* TASK GOAL
Retype all entries exactly, skipping pictures.

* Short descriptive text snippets
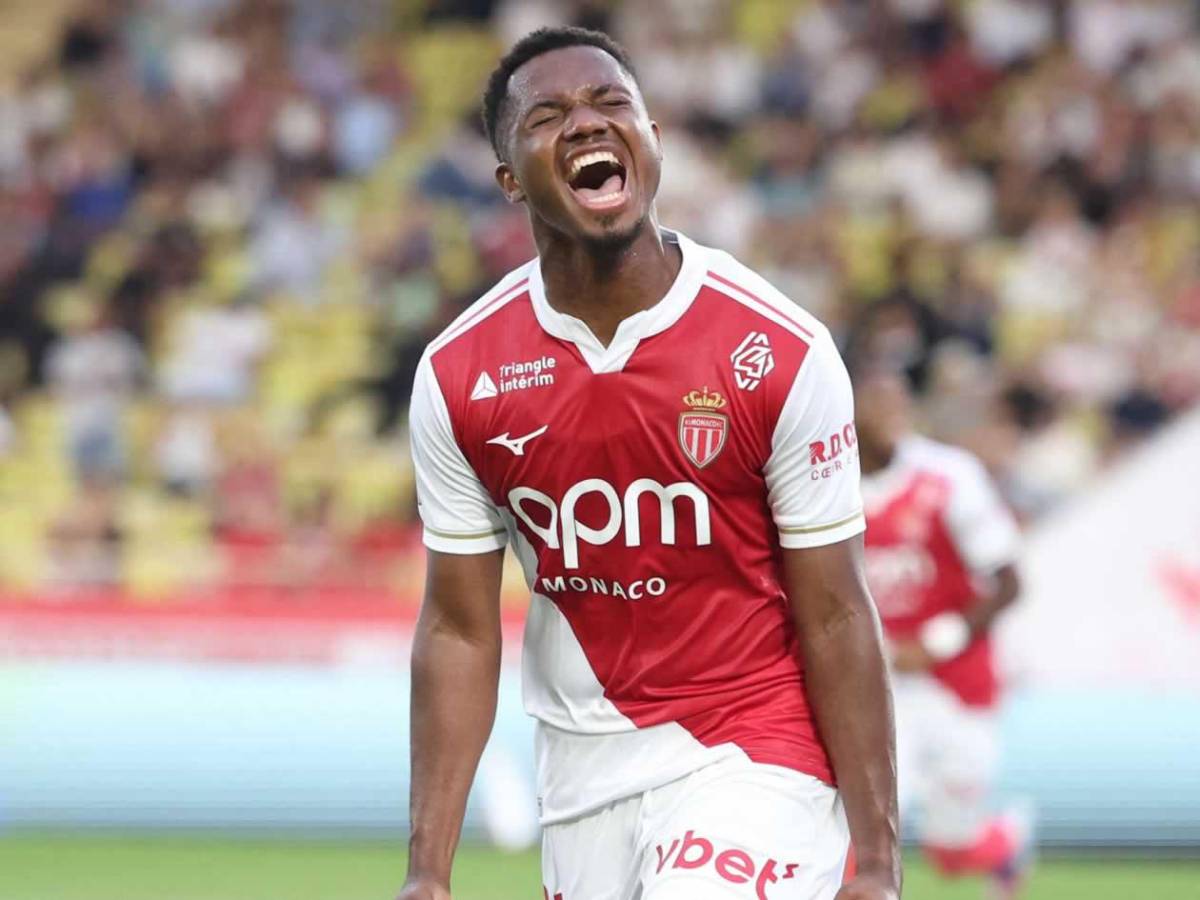 Flick no lo quiere ver ni en entrenamientos y le pide al Barcelona que lo venda o regale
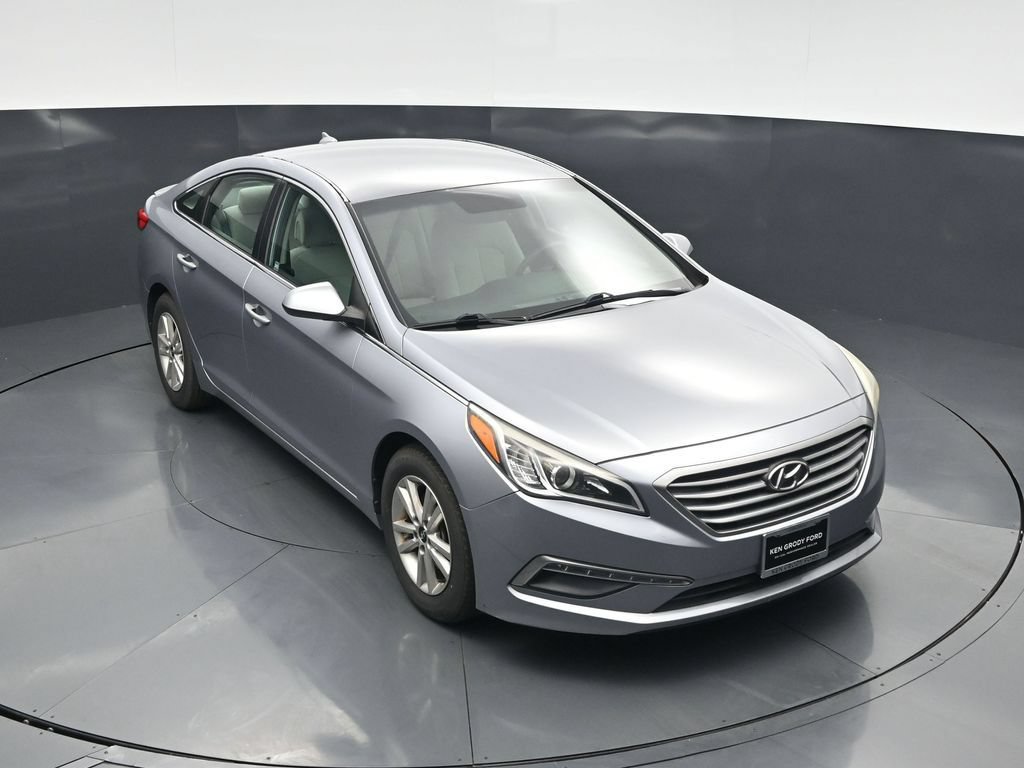 Used 2015 Hyundai Sonata SE w/ Option Group 09 FWD image 33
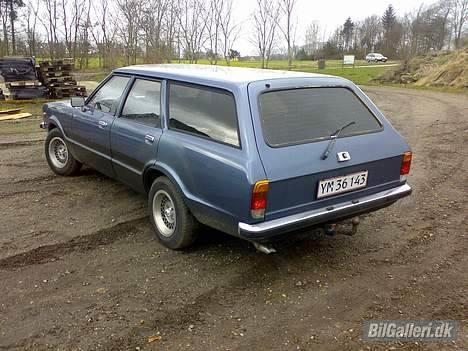 Ford taunus - hende bagfra :) billede 2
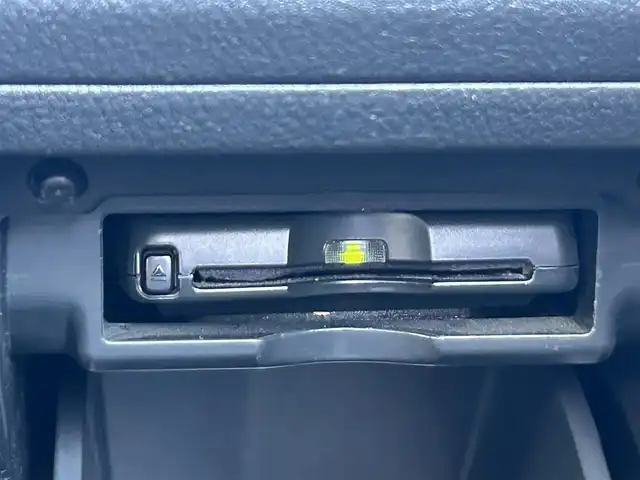 トヨタ ヴェルファイア 2．4Z プラチナセレクションⅡ 奈良県 2010(平22)年 18.5万km ホワイトパールクリスタルシャイン 両側パワースライドドア/純正ナビ(ワンセグTV/CD/DVD/AM・FM/BT/AUX)/純正フリップダウンモニター/バックカメラ/ETC/本革巻きステアリング/純正17インチアルミホイール/純正フロアマット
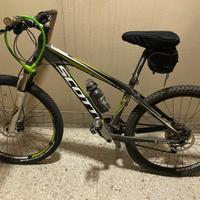 Bicicletta Mountain Bike Scott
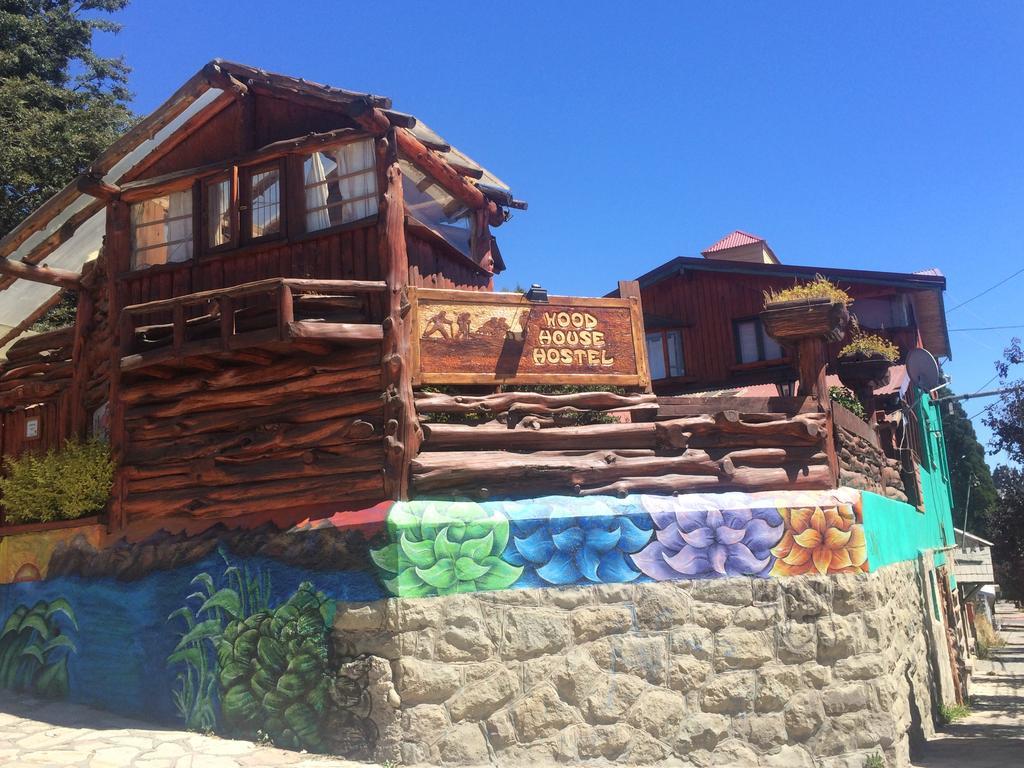 Wood House Hostel San Carlos de Bariloche Exteriör bild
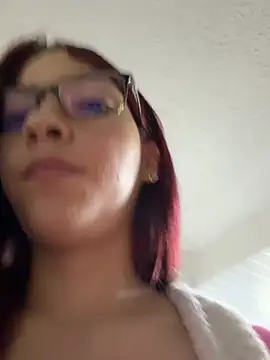 SarahLee__ élő XXX-chatje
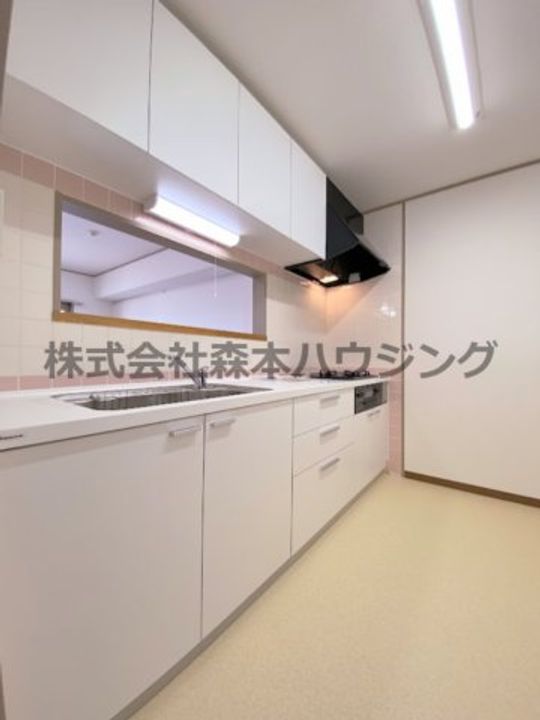 東香里野村マンション 108のキッチン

* COMPLETED EXERCISE
 Flick no lo quiere ver ni en entrenamientos y le pide al Barcelona que lo venda o regale
 Used 2015 Hyundai Sonata SE w/ Option Group 09 FWD image 33
 Ford taunus - hende bagfra :) billede 2
 トヨタ ヴェルファイア 2．4Z プラチナセレクションⅡ 奈良県 2010(平22)年 18.5万km ホワイトパールクリスタルシャイン 両側パワースライドドア/純正ナビ(ワンセグTV/CD/DVD/AM・FM/BT/AUX)/純正フリップダウンモニター/バックカメラ/ETC/本革巻きステアリング/純正17インチアルミホイール/純正フロアマット
 Bicicletta Mountain Bike Scott
 Wood House Hostel San Carlos de Bariloche Exteriör bild
 SarahLee__ élő XXX-chatje
 東香里野村マンション 108のキッチン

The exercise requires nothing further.